Para a música de Tron: O Legado (2010), Homem-Christo e Bangalter olharam para o impressionante trabalho de Wendy Carlos no original. A compositora não só fez a trilha de Uma Odisseia Eletrônica e O Iluminado, como também ficou conhecida como visionária por seu uso criativo de sintetizadores. O Legado presta homenagem a isso com intenso uso dos instrumentos digitais, seja em melodias atmosféricas para representar o frio mundo de circuitos eletrônicos, ou nas agitadas batidas dançantes que acompanham as cenas de ação. Ao olhar para o passado, o Daft Punk também atingiu o movimento do synthwave que crescia na internet, de nostálgicos pelos neons exagerados e sons dos filmes oitentistas.

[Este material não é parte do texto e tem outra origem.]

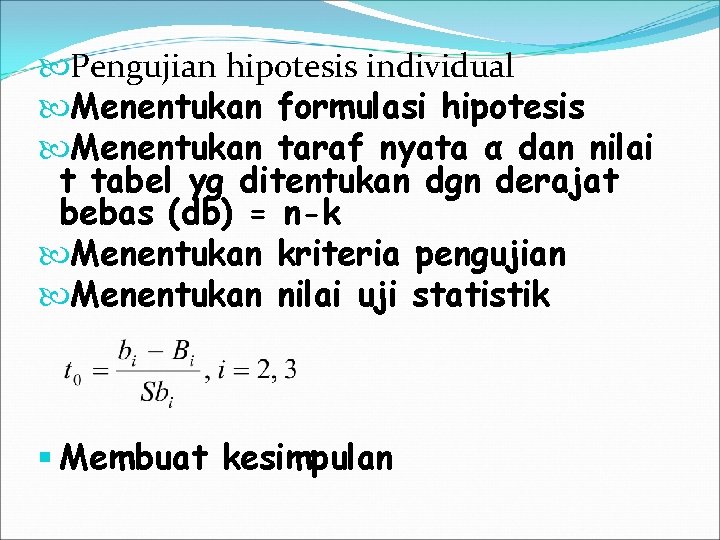  Pengujian hipotesis individual Menentukan formulasi hipotesis Menentukan taraf nyata α dan nilai t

Com a popularidade do filme aumentando com o passar do tempo, a trilha sonora só cresce em importância, acompanhada também por Tron: Legacy Reconfigured, álbum de remixes das faixas de Wendy Carlos por diversos artistas da música eletrônica, supervisionado pela dupla francesa.

Não é à toa que, alguns meses antes de anunciar o fim da dupla, o Daft Punk garantiu que ambos os trabalhos para Tron fossem disponibilizados nas plataformas digitais. O carinho da dupla pelo cinema merece ser reconhecido tanto quanto suas contribuições para a música eletrônica. Inclusive, o último projeto anunciado pelos dois, em abril de 2020, foi a trilha sonora de Occhiali Neri, novo filme do mestre italiano do terror Dario Argento (Suspiria, Prelúdio para Matar). Resta saber se isso continua nos planos, mas, ao olhar para as várias homenagens ao longo de suas carreiras, não seria surpreendente se Guy-Manuel de Homem-Christo e Thomas Bangalter se dedicassem a compor para filmes e séries nessa nova fase, seguindo o exemplo de Trent Reznor, do Nine Inch Nails, que se reencontrou nas trilhas sonoras de A Rede Social, Watchmen, Soul e mais.